The golden dome of the State House. (Photo by Andy Metzger)

MASSACHUSETTS IS HEADING toward a fiscal reckoning, and Maura Healey and Beacon Hill are pretending not to see it. Tax revenues are slowing, costs are rising, and the Healey administration continues to grow state government as if the bill will never come due. That approach is not sustainable. It is dangerous. And it is already hurting families, cities and towns, and our economy.

The warning signs are in the governor’s own numbers. Budget writers are building the next state budget on the assumption that Massachusetts will collect $44.9 billion in tax revenue, growth of roughly 2.4 percent excluding surtax revenue. Yet even under the administration’s own projections, spending is growing faster, at roughly 3.8 percent. That gap is not a rounding error. It is the definition of a structural deficit, and it is widening.

Midway through fiscal year 2026, tax collections are up only 1.9 percent, well below earlier projections. Rather than adjusting spending to match revenue reality, the Healey administration is relying on increasingly aggressive budget maneuvers to claim balance on paper.

In 2025 alone, Gov. Healey filed and signed $4.7 billion in supplemental spending bills, blowing past the roughly $61 billion budget lawmakers approved and taxpayers were told to expect. A $2.45 billion closeout bill signed in August carried nearly $1 billion in net new costs even after offsets. Earlier in the year came a $1.3 billion supplemental spending bill in June, $756 million in April, and another $130 million in July.

Supplemental budgets were once reserved for true emergencies or narrow cleanups around the budget’s edges.

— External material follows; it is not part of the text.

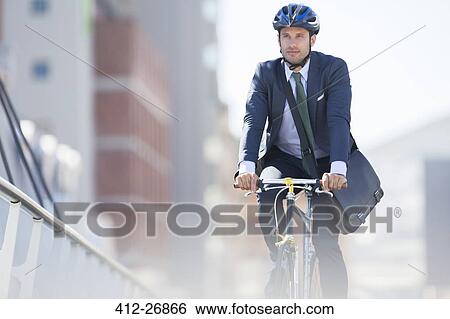 Businessman in suit and helmet riding bicycle in city View Large Photo Image Stock Photograph - Businessman in suit and helmet riding bicycle in city. Fotosearch
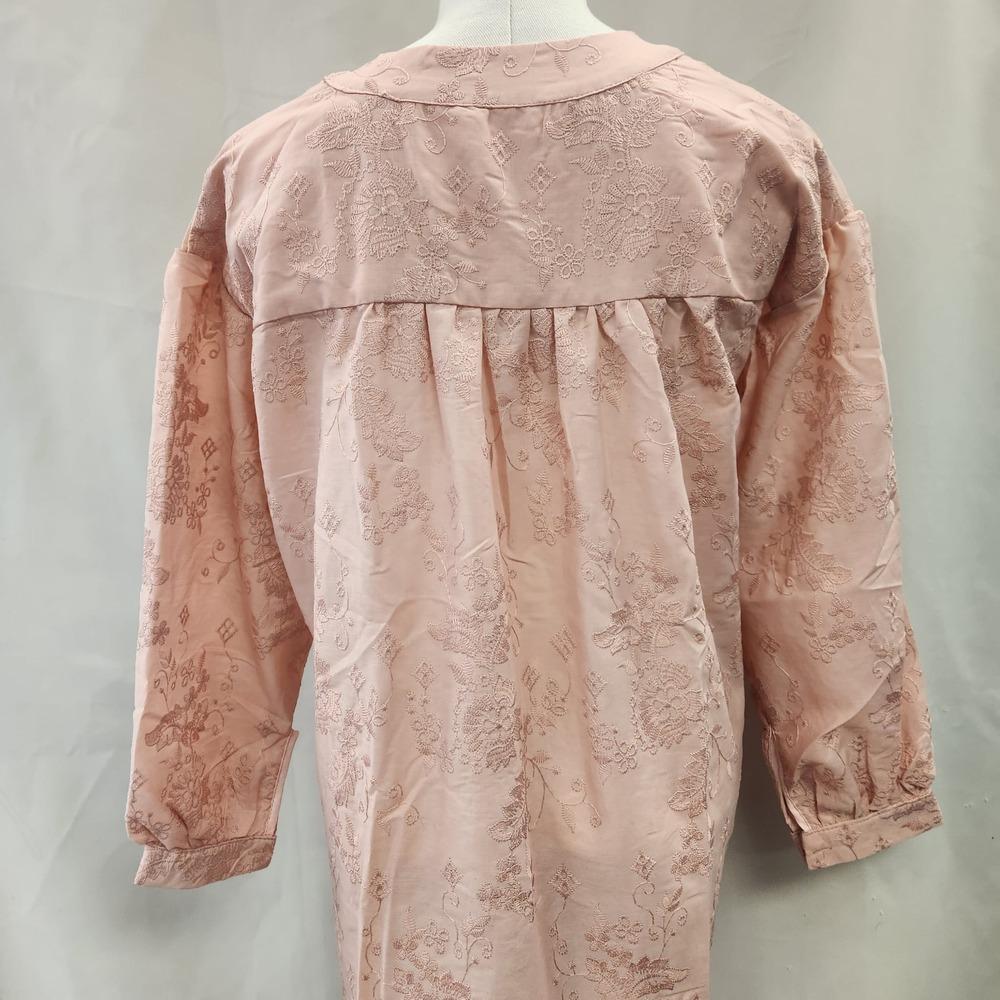 Rear view of Peach buttoned front long sleeve top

Under Maura Healey, they have become a routine way to expand spending outside the normal budget process, with less scrutiny, less transparency, and no long-term plan to pay for it.

What makes this budget especially reckless is not just how much the administration is spending, but how it is choosing to get to balance. The budget relies heavily on one-time solutions and accounting maneuvers: changing the pension funding schedule, draining reserves from the Education and Transportation Innovation and Capital Fund, which is funded by the 4 percent income tax surcharge on high earners, delaying taxpayer savings from federal tax changes, and adjusting capital gains thresholds.

These are not reforms, but shell games that push costs into the future.

The Massachusetts Taxpayers Foundation warns of an “elevated reliance on one-time solutions” and projects that the Commonwealth is heading toward a $3 billion structural deficit if current trends continue.

The most troubling example is the misuse of the income tax surcharge. Voters were told the surtax would be dedicated to long-term investments in education and transportation infrastructure. Instead, for the second year in a row, budget writers are spending the entire surtax projection in the operating budget, including to backfill the MBTA’s operating deficit. As the Taxpayers Foundation notes, this undermines one of the primary purposes of the surtax and exposes the budget to serious risk, since capital gains revenue is volatile and unpredictable.

Using fluctuating capital gains revenue to fund recurring operating costs is the fiscal equivalent of using a one-time bonus to cover your monthly mortgage. It works until it doesn’t, and when the market turns, taxpayers are left holding the bag.

At the heart of this fiscal imbalance is an economic record that is shrinking the tax base itself. Under Maura Healey, Massachusetts ranks bottom five in the nation for private-sector job growth. Nearly 5,000 businesses have closed, and 12,000 private-sector jobs have been lost.

If Massachusetts had merely grown at the national average over the past three years, we would have added roughly 100,000 additional jobs. Those jobs would have generated close to $1 billion per year in tax revenue through income and sales taxes. That revenue is now missing, and not because of bad luck, but because of policy choices that drive employers and workers out of the state. That lost revenue will compound year after year if we fail to get back on a growth trajectory.

This is how fiscal crises are made. Spending grows faster than the economy. Taxes, fees, and mandates choke growth. Fewer taxpayers remain. Revenues lag. One-time fixes replace real reform. When the math finally catches up, the pain does not stay on Beacon Hill. It lands on families through higher property taxes, higher fees, fewer services, and fewer jobs.

A shrinking private sector cannot support an ever-expanding public sector. Massachusetts needs a course correction that slows spending growth, puts an end to budget gimmicks, performs real audits, and introduces policies that restore economic growth so families and businesses can afford to stay.

Gov. Healey has chosen the opposite path. She owns this budget trajectory. Ignoring the warning signs will not make them disappear. It will only ensure that when the correction comes, it will be sharper, more painful, and more disruptive for the people of Massachusetts.

Brian Shortsleeve is a Republican candidate for governor.